The soulful duo just came off a landmark CMA performance
The CMA Awards have the ability to introduce people to new artists and music. I’ll be the first to admit that I was (as the kids say) “sleeping” The War and Treaty until their barn-burning performance with Brothers Osbourne on the CMAs airing Wednesday night. In the commercial break that followed, I discovered that they were playing a few steps from my building. In two days.
So I reached out to cover the Saturday, November 12 show at the historic Sixth and I Synagogue near Chinatown in DC. Luckily, amid all the post-awards madness in Nashville, my request was granted. And what I witnessed is almost beyond explanation.
War and Treaty is made up of husband and wife duo Michael Trotter, Jr. and Tanya Trotter. Throughout their 15-song set, the Trotters shared some of their personal history at this comeback concert. Both are from southeast DC.
Opening with three consecutive songs, the third of the set, “Keep You Warm”, earned the Trotters and their four backing band the first of many standing ovations for the evening. “Up Yonder” had a spiritual feel made all the more special by its dedication to late actor and country music recording artist, Leslie Jordan. Jordan’s manager was present at the show and Michael Trotter explained how The War and Treaty became friends with Jordan shortly before his passing.

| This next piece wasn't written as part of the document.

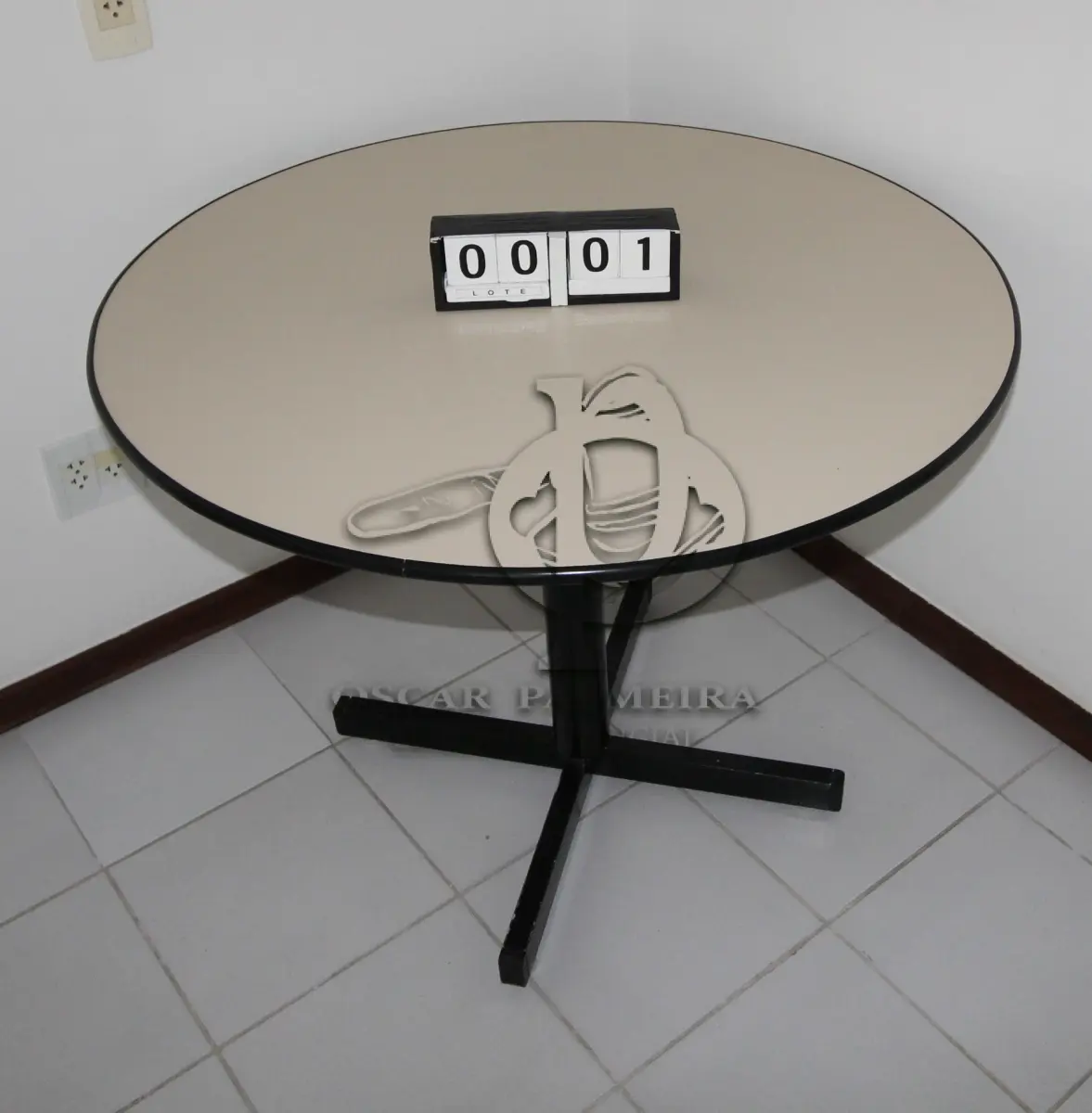 LOTE 001 - LOTE - 0001 - MESA REDONDA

Trotter, Jr. also shared a fun story of Garth Brooks who, true to the rapid rise of The War and Treaty, begins and the Opry and ends at the Country Music Hall of Fame medal ceremony. Michael Trotter struck up a conversation with Brooks at the ceremony, asking, “Guess who has the most-watched Opry performance on social media?” Brooks stared. Ultimately, The War and Treaty had gone viral just days before the Hall of Fame inductions, with their song “Yesterday’s Burn.” Brooks just laughed and asked if Michael and Tanya wanted to go out for pizza.
Throughout the show, the couple’s chemistry was undeniable. Husband and wife still very much in love, Michael would slip behind Tanya and wrap his arms around her as he sang. They held hands from time to time while singing. Or the pair would steal a kiss between songs.

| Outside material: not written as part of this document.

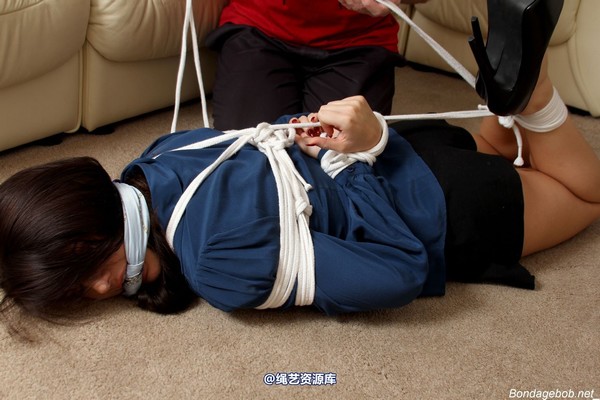 bondagebob - Briony M First Hogtie 第 90 张图片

This chemistry was evident on the slow “Blank Page”, a song about starting over which is the title track of the EP that The War and the Treaty dropped out the night of their CMA appearance. It built to a crescendo, the trotters facing each other throughout. And at the end, they had a little voiceover, each showing off their amazing pipes.
There was clear longing in Michael’s voice as he took the lead in the heartbreaking song ‘That’s How Love Is Made’. It was those moments full of raw emotion that surged throughout the night, transcending a concert performance to something of a religious experience. The war and the treaty brought a hard-won revival to their life story.
Tanya shared early on that the natives were once a struggling family in southeast DC. They had lost everything and were homeless with a son. They moved to start over in the small town of Albion, Michigan. Now they are the first black duo signed to a major Nashville country music label. She could barely get out without tearing up. And when Tanya Trotter mentioned performing on the CMAs, the town crowd rose and gave the duo a three-minute standing ovation. Just to break down barriers.
The show ended with their two biggest hits, “All I Wanna Do” and “Five More Minutes”. The former featured a medley of other soulful songs, painting a picture that the soul, jazz, southern rock and country genres are much more closely related than one might think.
Country music is ready for The War and Treaty. This was clear on the ABC TV show, and it was a famous fact in DC. Their music speaks to the universality of a human heart seeking connection with fellow human beings in such a powerful and resonant way. Because of their own lived experience, The War and Treaty deliver this music of unity in a way only they can.
I was lucky enough to be front row for The War and Treaty. As fans rushed onto the stage in the intimate sanctuary of Sixth and I, I grabbed Michael and Tanya’s hand and said, “Welcome to country music. We needed you. Pay attention, because when their first major label album drops in March, they’ll be everywhere. There’s no stopping them now.